The February 13, 2006 issue of Newsweek featured an article on The Colbert Report titled "The Truthiness Teller", recounting the career of the word truthiness since its popularization by Colbert.
The New York Times again discussed "truthiness" in its issue of December 25, 2005, this time as one of nine words that had captured the year's zeitgeist, in an article titled "2005: In a Word; Truthiness" by Jacques Steinberg. In crediting truthiness, Steinberg said, "the pundit who probably drew the most attention in 2005 was only playing one on TV: Stephen Colbert".

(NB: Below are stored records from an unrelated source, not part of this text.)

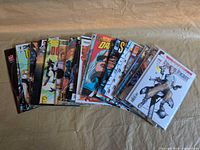 Spread of approximately 30 independent comic books, bagged and boarded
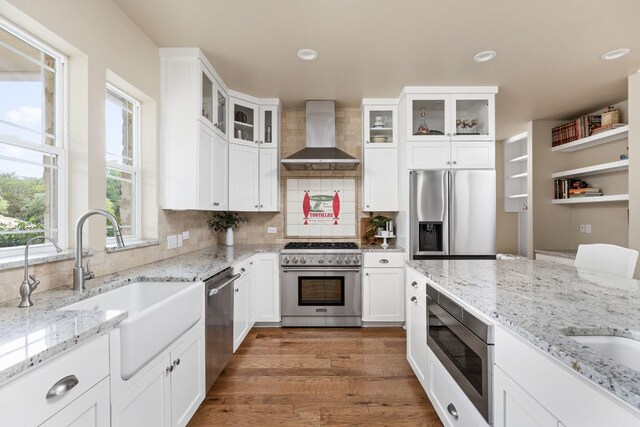137 Lone Cypress Cv, Driftwood, TX 78619 - kitchen featuring stainless steel appliances, wall chimney exhaust hood, a sink, backsplash, and white cabinets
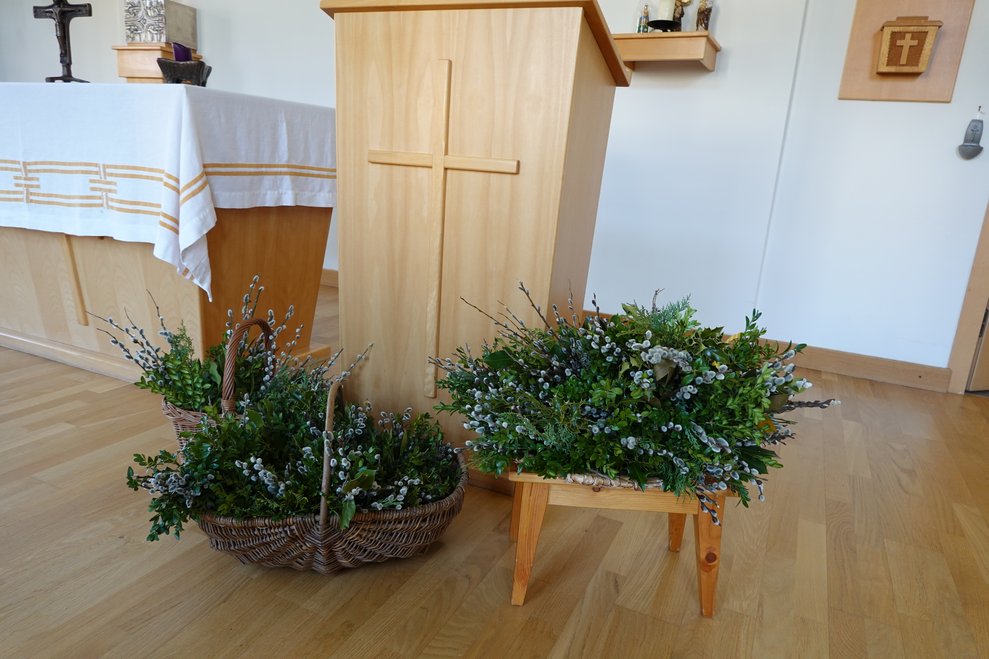 Palmbuschen im Korb stehen vorm Altar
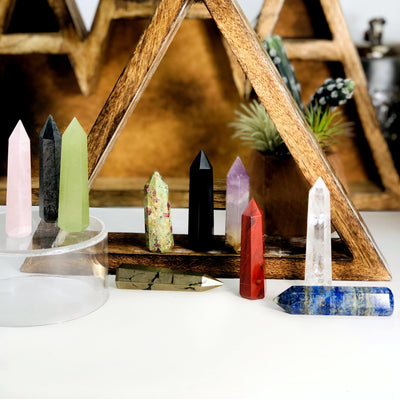 Gemstone Pencil Polished Points displayed on and by wooden triangle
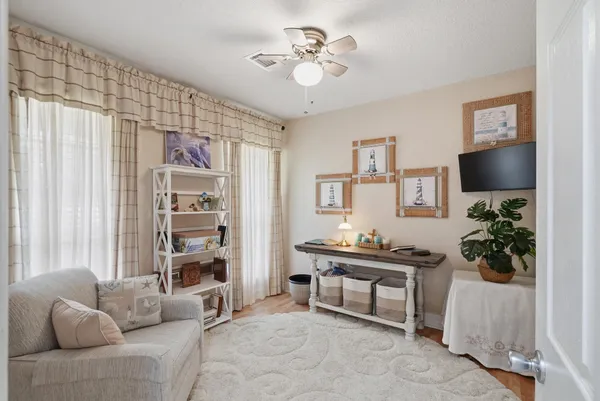 a living room with furniture and a potted plant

In the January 22, 2006 issue, columnist Frank Rich used the term seven times, with credit to Colbert, in a column titled "Truthiness 101: From Frey to Alito", to discuss Republican portrayals of several issues (including the Samuel Alito nomination, the Bush administration's response to Hurricane Katrina, and Jack Murtha's Vietnam War record). Rich emphasized the extent to which the word had quickly become a cultural fixture, writing, "The mock Comedy Central pundit Stephen Colbert's slinging of the word 'truthiness' caught on instantaneously last year precisely because we live in the age of truthiness." Editor & Publisher reported on Rich's use of "truthiness" in his column, saying he "tackled the growing trend to 'truthiness,' as opposed to truth, in the U.S."

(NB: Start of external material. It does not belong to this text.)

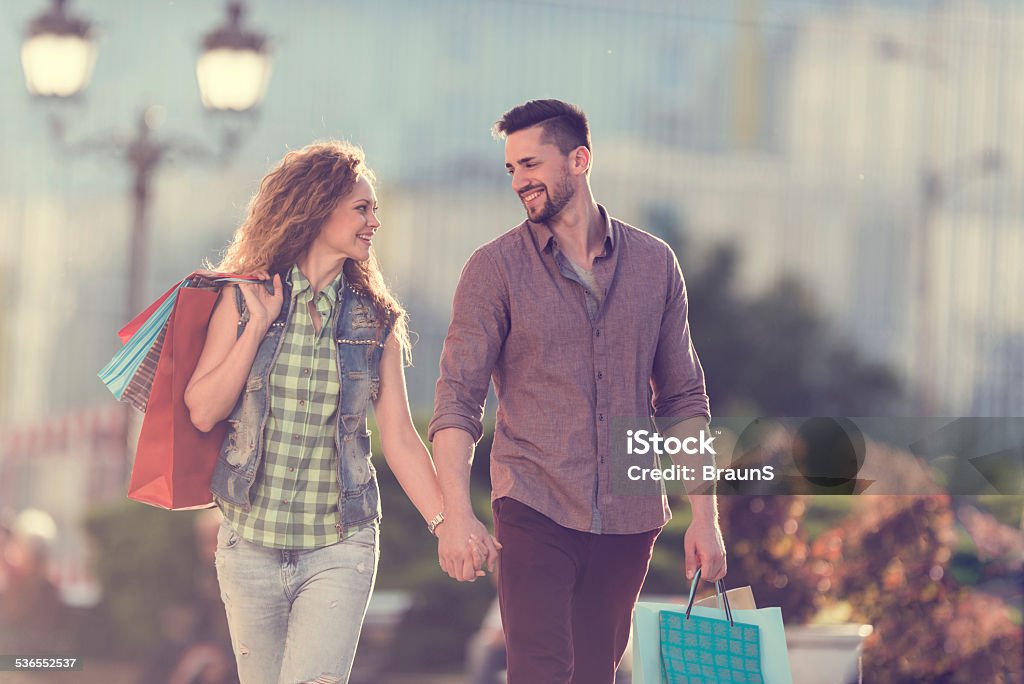 Young couple in shopping. Happy young couple shopping in the city and looking at each other. 2015 Stock Photo
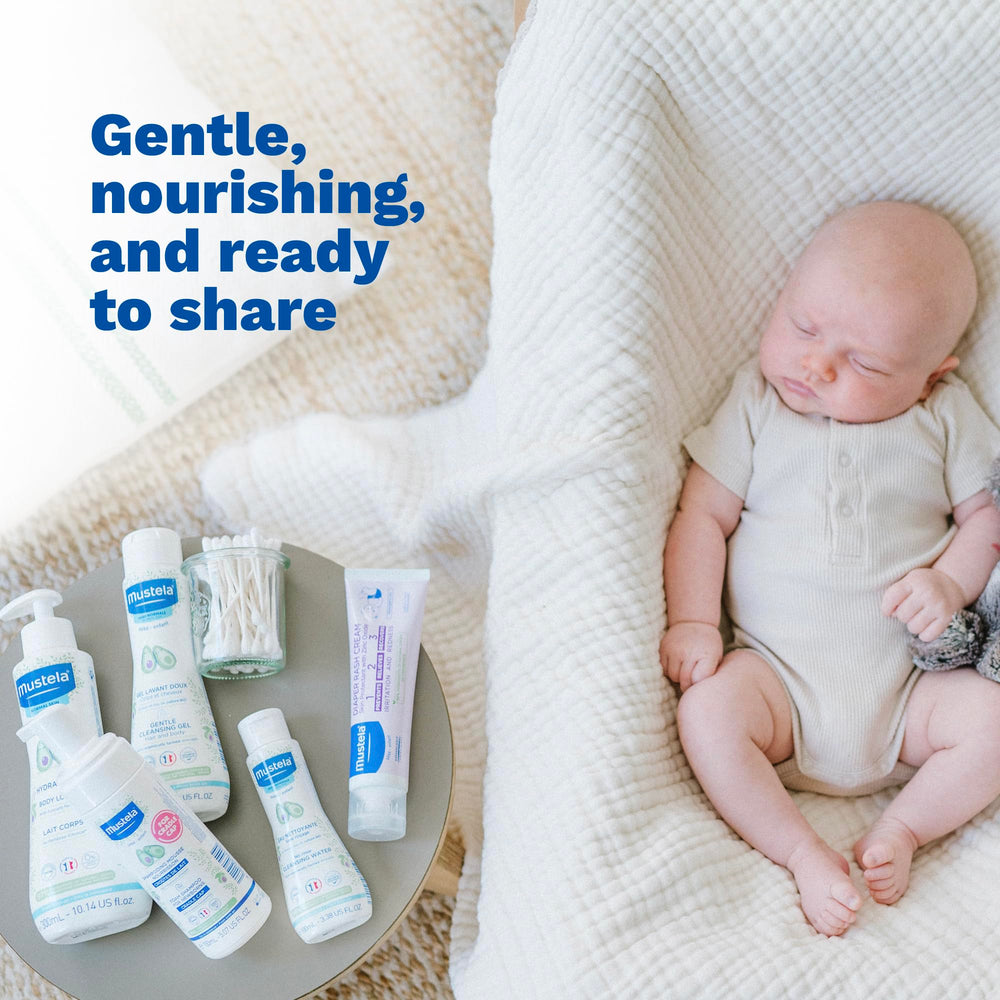 Parent holds Mustela baby skin care essentials for a routine.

The New York Times published two letters on the 2006 White House Correspondents' Dinner, where Stephen Colbert was the featured guest, in its May 3, 2006 edition, under the headline "Truthiness and Power".
Frank Rich referenced truthiness again in The New York Times in 2008, describing the strategy of John McCain's presidential campaign as being "to envelop the entire presidential race in a thick fog of truthiness", Rich explained that the campaign was based on truthiness because "McCain, Sarah Palin and their surrogates keep repeating the same lies over and over not just to smear their opponents and not just to mask their own record. Their larger aim is to construct a bogus alternative reality so relentless it can overwhelm any haphazard journalistic stabs at puncturing it." Rich also noted, "You know the press is impotent at unmasking this truthiness when the hardest-hitting interrogation McCain has yet faced on television came on 'The View'. Barbara Walters and Joy Behar called him on several falsehoods, including his endlessly repeated fantasy that Palin opposed earmarks for Alaska. Behar used the word 'lies' to his face."
The word was listed in the annual "Banished Word List" released by a committee at Lake Superior State University in Sault Ste. Marie, Michigan, in 2007. The list included "truthiness" among other overused terms, such as "awesome" celebrity couple such as "Brangelina", and "pwn".
In its 16th annual words of the year vote, the American Dialect Society voted truthiness as the word of the year. First heard on The Colbert Report, a satirical mock news show on the Comedy Central television channel, truthiness refers to the quality of preferring concepts or facts one wishes or believes to be true, rather than concepts or facts known to be true. As Stephen Colbert put it, "I don't trust books. They're all fact, no heart."
Also in 2012, Harvard University's Berkman Center hosted a two-day symposium at Harvard and MIT, "Truthiness in Digital Media", exploring "concerns about misinformation and disinformation" in new media.
The Truthiness Collaborative is a project at USC's Annenberg School "to advance research and engagement around the misinformation, disinformation, propaganda and other challenges to discourse fueled by our evolving media and technology ecosystem".